I was being serious about getting nutritional levels checked. I had a MAJOR shift in my depression and anger when I started eating differently. So I thought that this might have been something that she'd not thought of. It was such a relief to realize that my grouchiness was something that I could control, and not embedded in my personality. I'm not telling her to eat meat, I'm saying, this may be something you may want to explore. Definitely not a medical diagnosis by any means, especially since I am no expert on these sorts of things.

BTW, I sent you a PM.


----------



## Gale Force (Jun 15, 2003)

Just FYI, anyone who is interested: One of the biggest contributing factors to my depression was extremely low levels of amino acids. The lab clinician was shocked at the results.

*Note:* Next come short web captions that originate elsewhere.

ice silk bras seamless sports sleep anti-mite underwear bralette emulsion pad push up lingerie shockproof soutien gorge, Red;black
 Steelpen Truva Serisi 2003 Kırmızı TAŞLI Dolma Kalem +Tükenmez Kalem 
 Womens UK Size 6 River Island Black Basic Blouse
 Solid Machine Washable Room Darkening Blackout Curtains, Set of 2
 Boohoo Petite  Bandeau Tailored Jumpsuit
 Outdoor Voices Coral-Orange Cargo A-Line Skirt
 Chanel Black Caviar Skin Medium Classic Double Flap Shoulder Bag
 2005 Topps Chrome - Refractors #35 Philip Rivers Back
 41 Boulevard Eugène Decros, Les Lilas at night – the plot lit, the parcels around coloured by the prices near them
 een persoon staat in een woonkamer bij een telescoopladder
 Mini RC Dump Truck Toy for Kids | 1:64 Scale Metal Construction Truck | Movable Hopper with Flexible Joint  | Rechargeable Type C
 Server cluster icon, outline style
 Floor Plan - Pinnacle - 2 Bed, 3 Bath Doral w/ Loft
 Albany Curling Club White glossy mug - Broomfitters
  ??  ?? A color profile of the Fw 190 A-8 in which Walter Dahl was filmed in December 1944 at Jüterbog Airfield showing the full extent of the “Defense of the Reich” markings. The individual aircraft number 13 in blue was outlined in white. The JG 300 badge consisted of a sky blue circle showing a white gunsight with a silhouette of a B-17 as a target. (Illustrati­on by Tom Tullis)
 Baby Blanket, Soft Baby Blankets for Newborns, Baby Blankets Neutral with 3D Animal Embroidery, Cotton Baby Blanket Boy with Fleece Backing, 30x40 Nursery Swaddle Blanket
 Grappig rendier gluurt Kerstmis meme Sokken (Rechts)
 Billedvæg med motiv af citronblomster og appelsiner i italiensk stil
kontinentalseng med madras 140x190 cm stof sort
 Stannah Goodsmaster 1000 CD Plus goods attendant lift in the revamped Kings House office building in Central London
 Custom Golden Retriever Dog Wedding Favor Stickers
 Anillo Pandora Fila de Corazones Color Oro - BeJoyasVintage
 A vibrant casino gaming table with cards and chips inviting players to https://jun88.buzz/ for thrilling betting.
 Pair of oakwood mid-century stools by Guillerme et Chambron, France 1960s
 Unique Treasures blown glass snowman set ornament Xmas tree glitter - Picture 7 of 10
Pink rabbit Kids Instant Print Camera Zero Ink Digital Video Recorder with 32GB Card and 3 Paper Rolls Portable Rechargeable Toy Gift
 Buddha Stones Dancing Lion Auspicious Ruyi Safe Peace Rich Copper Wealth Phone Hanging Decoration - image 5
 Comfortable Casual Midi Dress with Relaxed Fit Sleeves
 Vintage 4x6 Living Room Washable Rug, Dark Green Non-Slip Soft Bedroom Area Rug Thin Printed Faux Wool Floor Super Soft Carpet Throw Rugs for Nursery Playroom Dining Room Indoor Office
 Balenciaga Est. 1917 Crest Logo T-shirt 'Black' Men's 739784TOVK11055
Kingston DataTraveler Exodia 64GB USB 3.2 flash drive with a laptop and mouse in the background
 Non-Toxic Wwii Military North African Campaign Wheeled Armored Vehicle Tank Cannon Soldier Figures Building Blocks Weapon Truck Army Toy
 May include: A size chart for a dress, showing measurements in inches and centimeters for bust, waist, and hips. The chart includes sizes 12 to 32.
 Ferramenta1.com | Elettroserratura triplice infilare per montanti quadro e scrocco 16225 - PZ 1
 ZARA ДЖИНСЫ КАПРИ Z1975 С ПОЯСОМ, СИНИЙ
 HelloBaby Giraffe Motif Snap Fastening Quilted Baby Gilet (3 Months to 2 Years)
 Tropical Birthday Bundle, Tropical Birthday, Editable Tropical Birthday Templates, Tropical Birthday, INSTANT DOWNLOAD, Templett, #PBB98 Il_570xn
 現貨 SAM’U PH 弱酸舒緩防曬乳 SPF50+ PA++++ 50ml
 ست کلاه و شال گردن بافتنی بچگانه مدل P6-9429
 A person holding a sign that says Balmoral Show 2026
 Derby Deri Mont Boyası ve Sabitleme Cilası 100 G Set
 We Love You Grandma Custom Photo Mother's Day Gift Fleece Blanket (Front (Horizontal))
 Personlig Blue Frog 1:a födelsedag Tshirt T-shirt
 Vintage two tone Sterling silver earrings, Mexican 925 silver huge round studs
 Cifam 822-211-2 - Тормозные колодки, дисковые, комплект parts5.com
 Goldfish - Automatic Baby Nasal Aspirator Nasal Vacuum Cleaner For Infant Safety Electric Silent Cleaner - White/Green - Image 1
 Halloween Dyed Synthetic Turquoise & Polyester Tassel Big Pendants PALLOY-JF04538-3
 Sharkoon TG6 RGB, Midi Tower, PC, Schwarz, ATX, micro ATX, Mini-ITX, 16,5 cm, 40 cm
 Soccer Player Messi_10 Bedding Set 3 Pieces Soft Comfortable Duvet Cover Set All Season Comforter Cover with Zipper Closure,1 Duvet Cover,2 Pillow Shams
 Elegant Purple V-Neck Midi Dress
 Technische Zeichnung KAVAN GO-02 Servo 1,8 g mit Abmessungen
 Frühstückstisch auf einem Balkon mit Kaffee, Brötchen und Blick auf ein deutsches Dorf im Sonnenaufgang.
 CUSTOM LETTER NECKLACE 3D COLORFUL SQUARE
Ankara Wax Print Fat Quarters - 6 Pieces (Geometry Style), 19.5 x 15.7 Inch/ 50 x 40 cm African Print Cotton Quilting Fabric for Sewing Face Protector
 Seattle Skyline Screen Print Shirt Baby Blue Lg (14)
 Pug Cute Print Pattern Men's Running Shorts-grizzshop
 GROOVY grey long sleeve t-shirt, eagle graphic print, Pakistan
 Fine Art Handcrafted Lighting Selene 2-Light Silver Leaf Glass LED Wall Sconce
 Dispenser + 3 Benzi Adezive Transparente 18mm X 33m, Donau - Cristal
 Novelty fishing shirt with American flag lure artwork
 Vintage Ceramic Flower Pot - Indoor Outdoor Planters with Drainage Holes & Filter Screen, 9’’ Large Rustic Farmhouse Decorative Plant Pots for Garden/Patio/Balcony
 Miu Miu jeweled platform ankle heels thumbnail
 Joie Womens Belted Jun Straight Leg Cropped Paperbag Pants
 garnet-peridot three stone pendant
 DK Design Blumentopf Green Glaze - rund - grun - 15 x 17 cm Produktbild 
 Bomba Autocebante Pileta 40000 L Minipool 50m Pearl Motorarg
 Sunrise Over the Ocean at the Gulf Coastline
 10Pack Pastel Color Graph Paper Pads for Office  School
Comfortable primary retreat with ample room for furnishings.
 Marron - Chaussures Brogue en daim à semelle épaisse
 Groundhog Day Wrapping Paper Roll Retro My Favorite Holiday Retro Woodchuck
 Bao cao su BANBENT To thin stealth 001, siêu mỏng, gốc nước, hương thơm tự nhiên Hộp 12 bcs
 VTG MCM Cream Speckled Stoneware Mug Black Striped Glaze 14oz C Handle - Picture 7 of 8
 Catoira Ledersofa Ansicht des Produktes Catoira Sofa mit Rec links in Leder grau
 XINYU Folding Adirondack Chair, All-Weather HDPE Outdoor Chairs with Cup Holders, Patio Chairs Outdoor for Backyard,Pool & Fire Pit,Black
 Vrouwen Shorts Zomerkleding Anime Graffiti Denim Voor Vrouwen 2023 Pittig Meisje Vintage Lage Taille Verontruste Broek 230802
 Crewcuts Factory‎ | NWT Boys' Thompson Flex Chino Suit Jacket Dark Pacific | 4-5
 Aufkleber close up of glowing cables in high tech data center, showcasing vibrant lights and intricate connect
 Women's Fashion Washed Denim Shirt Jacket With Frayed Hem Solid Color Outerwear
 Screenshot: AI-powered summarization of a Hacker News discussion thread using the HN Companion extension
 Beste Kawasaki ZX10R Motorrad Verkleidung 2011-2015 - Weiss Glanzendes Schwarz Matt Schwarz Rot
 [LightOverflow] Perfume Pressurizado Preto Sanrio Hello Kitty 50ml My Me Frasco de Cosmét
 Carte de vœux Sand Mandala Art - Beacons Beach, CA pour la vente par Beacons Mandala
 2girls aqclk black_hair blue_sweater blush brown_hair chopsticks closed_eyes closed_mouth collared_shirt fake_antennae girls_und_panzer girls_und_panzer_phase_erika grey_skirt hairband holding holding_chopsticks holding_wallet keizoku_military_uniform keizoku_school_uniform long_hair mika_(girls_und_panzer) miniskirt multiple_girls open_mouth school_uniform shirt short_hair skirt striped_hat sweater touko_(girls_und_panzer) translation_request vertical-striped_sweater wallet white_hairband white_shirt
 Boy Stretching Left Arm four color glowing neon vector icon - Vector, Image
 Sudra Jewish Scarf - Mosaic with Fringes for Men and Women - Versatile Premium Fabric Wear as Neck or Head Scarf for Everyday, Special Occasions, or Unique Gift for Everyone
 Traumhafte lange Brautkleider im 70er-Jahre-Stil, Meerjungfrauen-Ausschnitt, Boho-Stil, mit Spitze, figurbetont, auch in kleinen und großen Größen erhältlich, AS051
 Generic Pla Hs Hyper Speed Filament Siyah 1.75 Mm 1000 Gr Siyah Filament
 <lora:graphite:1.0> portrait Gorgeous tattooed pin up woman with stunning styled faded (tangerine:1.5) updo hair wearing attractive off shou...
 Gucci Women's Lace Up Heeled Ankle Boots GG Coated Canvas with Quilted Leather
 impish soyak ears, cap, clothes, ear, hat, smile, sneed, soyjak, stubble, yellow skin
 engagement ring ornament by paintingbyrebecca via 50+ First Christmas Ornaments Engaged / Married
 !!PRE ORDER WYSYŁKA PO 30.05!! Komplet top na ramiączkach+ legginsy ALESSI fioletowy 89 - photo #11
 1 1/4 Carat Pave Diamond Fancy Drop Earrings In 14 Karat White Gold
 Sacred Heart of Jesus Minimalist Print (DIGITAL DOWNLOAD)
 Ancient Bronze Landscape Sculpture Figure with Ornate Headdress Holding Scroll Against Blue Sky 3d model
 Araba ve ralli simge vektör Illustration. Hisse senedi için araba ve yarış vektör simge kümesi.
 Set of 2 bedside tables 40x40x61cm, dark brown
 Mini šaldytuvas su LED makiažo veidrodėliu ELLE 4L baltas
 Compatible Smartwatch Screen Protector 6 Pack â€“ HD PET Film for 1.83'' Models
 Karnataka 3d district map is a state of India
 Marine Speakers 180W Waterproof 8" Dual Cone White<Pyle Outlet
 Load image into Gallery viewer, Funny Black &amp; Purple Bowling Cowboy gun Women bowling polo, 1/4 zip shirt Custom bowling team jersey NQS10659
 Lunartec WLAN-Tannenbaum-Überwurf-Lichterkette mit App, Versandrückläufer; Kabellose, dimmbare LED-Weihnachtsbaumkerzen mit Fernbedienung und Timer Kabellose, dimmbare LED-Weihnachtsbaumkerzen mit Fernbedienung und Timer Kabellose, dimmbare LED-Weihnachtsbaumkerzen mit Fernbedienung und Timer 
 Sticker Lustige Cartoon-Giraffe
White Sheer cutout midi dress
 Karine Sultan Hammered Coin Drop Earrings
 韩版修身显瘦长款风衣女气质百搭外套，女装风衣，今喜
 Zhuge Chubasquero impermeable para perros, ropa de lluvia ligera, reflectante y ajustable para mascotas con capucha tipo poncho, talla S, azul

I had a custom supplement blended and felt better within about three days and better than I had in years within a week. That was Feb of this year. By Christmas I had gotten off of the supplement completely and now I am better than ever -- better than before the pregnancy and any other time in my life. It's fantastic. So my point is, if anyone reading this is concerned about deficiencies, there are tests for them and there could be some pretty quick results for you. Not every analysis would necessitate giving up a vegetarian diet either (and some would say none would), so it's not like you have to make that decision before getting tested. In this toxic and soil-depleted world, we should probably all have tests done regularly.


----------



## Gale Force (Jun 15, 2003)

Here's my amino acids story that I should update:

http://www.mothering.com/discussions...ids+depression


----------



## bebe luna (Nov 20, 2001)

wow, people sure get fiesty when it comes to food









regarding the soy issue:
my personal opinion is that some soy is okay. I do not think processed soy is good (fake meats, most soymilks, soy oils, etc)... occassional fermented soy or edamame should be fine for people who are not sensative or allergic to soy.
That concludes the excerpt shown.